For four years, a woman’s ‘UTI’ was actually a glass tumbler caught in her bladder.

A glass tumbler was lodged in a woman’s bladder for four years after doctors thought she had a UTI.

The 45-year-old had gone to the hospital with symptoms of a lower UTI (urinary tract infection), including leakage.

However, physicians were taken aback when scans revealed a glass in her bladder.

It was enclosed by an 8cm bladder stone, which is typically so small that it is difficult to spot with the naked eye.

The Tunisian woman said that she had used the drinking glass as a sex toy in the past.

She had apparently inserted it into the urethral – the hole through which women urinate – rather than the vagina.

Her case was published in a medical journal, including the astonishing scan and an image of the glass and bladder stone.

The woman may have been performing “urethral sounding,” which is not mentioned in the medical report.

Wed MD writes that the dangerous activity entails placing a glass or object into the urethra – the tube through which pee runs – in order to “increase sexual pleasure and arousal.”
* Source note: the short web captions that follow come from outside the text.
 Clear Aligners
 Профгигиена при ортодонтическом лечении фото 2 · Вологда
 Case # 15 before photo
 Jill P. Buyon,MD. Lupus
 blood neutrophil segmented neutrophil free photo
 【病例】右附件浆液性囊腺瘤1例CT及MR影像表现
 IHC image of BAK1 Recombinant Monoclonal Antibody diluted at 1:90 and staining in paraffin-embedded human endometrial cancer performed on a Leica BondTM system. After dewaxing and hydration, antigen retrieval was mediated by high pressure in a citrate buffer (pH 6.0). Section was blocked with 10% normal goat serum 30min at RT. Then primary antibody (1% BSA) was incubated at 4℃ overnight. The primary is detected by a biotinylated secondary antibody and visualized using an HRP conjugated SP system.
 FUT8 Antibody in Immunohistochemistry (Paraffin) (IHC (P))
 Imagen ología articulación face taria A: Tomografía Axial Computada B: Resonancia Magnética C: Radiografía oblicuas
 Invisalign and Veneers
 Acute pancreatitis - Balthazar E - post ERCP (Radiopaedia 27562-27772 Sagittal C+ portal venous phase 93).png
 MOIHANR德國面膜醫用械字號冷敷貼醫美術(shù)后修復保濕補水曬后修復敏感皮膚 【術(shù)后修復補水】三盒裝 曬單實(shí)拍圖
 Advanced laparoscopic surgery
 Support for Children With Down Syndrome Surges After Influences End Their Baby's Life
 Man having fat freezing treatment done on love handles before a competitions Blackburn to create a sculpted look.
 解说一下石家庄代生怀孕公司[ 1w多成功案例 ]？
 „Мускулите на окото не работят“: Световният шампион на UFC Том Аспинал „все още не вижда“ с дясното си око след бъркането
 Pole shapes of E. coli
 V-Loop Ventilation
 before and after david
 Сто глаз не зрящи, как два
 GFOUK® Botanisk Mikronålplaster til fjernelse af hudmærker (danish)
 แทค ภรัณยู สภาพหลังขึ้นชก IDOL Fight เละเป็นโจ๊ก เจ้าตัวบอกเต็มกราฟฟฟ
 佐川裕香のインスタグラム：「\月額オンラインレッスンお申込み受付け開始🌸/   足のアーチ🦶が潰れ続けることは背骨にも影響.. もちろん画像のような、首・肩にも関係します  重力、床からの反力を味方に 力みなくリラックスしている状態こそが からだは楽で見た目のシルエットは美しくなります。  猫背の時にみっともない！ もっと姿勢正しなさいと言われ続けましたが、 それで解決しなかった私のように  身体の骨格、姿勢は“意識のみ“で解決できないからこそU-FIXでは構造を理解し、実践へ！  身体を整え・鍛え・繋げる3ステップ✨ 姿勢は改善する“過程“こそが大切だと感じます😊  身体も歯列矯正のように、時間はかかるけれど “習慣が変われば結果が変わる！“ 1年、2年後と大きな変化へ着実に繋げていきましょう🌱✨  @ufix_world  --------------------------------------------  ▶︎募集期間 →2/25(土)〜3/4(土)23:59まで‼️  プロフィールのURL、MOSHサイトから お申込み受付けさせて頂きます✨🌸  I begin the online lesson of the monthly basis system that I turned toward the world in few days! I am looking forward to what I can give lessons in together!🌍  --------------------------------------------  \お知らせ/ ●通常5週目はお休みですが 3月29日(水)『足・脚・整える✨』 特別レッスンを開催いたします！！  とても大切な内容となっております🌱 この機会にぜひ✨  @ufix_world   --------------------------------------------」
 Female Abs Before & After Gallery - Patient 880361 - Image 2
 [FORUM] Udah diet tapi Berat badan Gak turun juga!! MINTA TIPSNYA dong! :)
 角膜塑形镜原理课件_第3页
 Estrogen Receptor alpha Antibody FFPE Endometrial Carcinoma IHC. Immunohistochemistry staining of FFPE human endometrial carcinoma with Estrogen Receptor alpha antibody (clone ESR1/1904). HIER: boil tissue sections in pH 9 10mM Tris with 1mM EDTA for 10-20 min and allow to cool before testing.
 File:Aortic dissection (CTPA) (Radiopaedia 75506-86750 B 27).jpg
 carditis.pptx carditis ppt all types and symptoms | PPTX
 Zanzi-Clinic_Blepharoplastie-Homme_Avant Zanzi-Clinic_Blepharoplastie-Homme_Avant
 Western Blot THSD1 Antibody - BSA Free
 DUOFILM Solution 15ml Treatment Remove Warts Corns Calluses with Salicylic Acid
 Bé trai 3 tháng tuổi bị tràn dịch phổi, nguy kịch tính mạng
Doctors have received accounts of people purposefully placing items there, either for mental health reasons or for fun – but this is not advised.

“The most common motivations connected with the presence of foreign bodies within the bladder are of a sexual or erotic character,” according to the paper.

“Various things have been introduced into the bladder, and many patients are too ashamed to seek medical help, which is the source of a clinical problem.”

A scan of the woman's abdomen revealed a large bladder stone with a glass encased.A scan of the woman’s abdomen revealed a large bladder stone with a glass encased inside.

The patient arrived at the emergency department at Academic Hospital Habib Bourguiba complaining of UTI symptoms.

She reported that she had suffered cystitis (inflammation of the bladder) several times, but it had never been investigated.

The woman didn’t have any blood in her urine, nor was she suffering with urinary incontinence, the report said.

But she did have a higher than normal red blood cell range, indicating the body was fighting an infection.

Bladder stones are very small, usually no more than a few cms wide – this patient’s was 8cm.

They develop from hard masses of minerals that grow when urine is not properly emptied from the bladder.

However, they can grow around foreign object lodged in the bladder, for example, a glass tumbler.

In this case, doctors performed surgery to remove the bladder stone.

They then cracked it open to expose the – still intact – glass, that had been in her body for years.

Two days later the woman had recovered and was well enough to go home.

The report concluded: “Complicated forms are those diagnosed late and often associated with recurrent urinary tract infections, lithiasis and/or fistulas.

“The best treatment remains preventive by balancing the underlying etiopathogenic disorder and by a good sex education.”